§ WORK REQUEST: From the listing below, extract every line containing "Design".

◆ ◆ ◆ ◆

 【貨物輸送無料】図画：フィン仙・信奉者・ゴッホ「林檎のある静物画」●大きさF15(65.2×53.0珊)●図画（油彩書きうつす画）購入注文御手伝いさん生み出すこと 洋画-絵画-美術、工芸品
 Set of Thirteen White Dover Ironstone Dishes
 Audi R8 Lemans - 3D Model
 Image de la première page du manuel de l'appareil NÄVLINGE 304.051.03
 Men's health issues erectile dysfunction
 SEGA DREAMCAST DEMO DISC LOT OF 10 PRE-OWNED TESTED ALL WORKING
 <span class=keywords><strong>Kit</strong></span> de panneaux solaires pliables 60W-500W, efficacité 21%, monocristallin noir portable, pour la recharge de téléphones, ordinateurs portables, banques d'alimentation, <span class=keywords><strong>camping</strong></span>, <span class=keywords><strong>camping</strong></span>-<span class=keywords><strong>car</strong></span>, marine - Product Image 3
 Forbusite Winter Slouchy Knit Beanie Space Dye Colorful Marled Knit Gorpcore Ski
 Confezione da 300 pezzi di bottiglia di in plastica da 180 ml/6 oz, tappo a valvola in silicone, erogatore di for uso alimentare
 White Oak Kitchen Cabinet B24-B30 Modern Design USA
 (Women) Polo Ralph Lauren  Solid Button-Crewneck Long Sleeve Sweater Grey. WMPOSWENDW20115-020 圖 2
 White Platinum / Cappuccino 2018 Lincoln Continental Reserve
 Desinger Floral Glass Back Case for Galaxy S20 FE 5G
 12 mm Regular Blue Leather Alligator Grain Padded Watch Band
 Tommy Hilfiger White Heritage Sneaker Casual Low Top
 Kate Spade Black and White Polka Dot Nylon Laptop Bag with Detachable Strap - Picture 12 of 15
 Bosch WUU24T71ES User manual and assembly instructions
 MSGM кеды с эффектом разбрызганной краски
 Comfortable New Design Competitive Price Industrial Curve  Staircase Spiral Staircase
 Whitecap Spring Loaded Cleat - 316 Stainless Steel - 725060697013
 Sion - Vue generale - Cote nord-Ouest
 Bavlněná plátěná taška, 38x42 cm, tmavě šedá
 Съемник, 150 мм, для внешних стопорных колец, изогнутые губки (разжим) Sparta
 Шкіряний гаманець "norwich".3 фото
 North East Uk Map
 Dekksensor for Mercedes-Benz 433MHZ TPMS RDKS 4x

◆ ◆ ◆ ◆

§ COMPLETED EXERCISE:
 White Oak Kitchen Cabinet B24-B30 Modern Design USA
 Comfortable New Design Competitive Price Industrial Curve  Staircase Spiral Staircase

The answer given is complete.